Week 1 Summary

It has been a crazy busy week. I have completed all the work which Hannah, my supervisor, wanted me to complete this week. To recap this was the initial list:

Contact Dr Harry Strange and ask what he wanted from the project
Open a blog
Write a blog post with the title and what I plan to do.
Come up with a taxonomy of notes and write a blog post on this.
Find 3 papers about my dissertation
Write a blog post about these papers and give a short description on the “best” paper.

I did all those initial things requested by Hannah. I have also started to draft out the outline specification from some information I gathered from Harry. This will be taken to the meeting with Hannah to discuss and hopefully flesh out some requirements.

Another thing I need to consider this week is the methodology I wish to follow. I will be looking into Extreme Programming for a single person, but once some requirements have been identified I will have a better understanding as to whether it’s the correct methodology for this project.

In the mean time I will be collating a set of small rules for how the notes should be constructed, so that the notes have some similarity. An example rule could be images must have boxes around them. This will form the core part of the note analysis I will look to produce a small set of rules and design the system in such a way that new rules can be added at not much effort.

Additionally, I have started some spike work solutions looking into the Tesseract OCR and as I write this blog post it has managed to begin to train some of my handwriting. So far it seems to pick up quite a lot of letters from my handwriting but there are a lot of false positives detected.

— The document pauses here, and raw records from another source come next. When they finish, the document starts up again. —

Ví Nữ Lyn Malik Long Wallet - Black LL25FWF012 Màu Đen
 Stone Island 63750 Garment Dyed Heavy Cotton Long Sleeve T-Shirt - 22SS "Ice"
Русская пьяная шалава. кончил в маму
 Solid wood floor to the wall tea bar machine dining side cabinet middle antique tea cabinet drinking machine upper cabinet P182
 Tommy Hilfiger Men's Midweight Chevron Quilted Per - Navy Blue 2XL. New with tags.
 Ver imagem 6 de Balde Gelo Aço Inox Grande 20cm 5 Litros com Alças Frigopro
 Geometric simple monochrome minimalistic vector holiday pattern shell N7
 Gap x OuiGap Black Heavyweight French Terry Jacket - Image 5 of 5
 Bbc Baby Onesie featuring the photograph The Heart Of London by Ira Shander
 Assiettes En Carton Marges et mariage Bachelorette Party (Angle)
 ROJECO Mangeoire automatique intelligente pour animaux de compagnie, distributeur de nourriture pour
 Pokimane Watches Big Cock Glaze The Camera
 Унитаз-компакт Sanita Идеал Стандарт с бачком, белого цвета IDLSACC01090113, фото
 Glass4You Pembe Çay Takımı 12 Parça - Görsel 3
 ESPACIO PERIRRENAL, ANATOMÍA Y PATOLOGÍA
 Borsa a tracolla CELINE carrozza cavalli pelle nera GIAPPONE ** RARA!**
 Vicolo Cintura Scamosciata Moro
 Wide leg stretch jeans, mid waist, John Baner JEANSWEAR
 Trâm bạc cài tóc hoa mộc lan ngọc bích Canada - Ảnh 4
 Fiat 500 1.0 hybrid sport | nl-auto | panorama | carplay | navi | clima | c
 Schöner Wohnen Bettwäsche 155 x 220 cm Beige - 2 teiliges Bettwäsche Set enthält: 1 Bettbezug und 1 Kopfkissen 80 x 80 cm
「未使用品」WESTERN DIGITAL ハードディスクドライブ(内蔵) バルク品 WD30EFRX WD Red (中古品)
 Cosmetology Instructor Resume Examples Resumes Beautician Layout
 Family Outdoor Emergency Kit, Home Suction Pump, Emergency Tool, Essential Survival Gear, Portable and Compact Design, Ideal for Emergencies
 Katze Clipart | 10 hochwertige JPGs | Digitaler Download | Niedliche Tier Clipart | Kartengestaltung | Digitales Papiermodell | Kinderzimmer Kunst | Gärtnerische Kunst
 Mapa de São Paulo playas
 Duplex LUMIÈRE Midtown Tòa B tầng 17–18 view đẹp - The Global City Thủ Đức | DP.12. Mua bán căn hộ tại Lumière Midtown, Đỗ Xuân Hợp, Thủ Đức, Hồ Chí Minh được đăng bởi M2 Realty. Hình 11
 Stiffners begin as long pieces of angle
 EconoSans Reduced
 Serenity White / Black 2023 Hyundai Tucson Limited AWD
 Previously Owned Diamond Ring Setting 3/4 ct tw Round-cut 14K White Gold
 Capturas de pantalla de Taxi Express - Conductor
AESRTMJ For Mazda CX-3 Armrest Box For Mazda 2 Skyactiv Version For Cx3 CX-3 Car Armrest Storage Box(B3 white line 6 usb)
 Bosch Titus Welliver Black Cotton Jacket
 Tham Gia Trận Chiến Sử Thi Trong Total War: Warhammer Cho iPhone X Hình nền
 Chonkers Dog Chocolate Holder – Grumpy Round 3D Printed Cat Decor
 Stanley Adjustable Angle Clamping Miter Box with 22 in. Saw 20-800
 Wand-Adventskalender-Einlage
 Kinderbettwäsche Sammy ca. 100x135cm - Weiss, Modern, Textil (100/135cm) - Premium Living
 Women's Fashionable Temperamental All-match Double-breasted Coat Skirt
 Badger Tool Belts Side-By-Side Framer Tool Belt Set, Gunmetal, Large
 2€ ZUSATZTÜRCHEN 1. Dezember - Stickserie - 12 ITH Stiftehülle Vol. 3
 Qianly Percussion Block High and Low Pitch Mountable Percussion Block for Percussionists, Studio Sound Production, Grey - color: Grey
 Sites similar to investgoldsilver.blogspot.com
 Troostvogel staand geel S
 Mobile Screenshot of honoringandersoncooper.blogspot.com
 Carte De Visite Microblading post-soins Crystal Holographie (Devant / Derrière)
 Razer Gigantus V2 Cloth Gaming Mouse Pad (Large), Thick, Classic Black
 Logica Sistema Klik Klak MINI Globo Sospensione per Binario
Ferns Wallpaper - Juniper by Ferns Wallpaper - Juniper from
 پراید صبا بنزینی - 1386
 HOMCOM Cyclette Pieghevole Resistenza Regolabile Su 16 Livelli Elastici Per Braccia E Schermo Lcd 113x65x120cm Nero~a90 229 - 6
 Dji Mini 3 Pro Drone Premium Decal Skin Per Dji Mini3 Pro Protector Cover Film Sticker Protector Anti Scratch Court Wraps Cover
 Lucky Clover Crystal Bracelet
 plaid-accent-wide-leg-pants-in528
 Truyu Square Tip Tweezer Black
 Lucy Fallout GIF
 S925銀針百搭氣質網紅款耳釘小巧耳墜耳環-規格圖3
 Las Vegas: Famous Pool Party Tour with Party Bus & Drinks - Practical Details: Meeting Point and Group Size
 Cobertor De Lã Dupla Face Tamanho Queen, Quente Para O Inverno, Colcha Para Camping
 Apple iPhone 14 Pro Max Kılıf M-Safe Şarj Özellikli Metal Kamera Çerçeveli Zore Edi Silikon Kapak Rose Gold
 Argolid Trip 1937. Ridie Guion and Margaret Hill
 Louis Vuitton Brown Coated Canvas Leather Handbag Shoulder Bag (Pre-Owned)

There should also be honourable mentions to The tesseract wiki page with information about training. However I found, after I published the 3 papers, a master thesis by Brian M. Gonzalez Link to PDF which uses the Tesseract OCR tool to train on handwriting data to interpret code and produce an output. This thesis was extremely relevant and must be commended for the great section on how actually to train the handwriting data set. This will be an incredible useful resource to consider.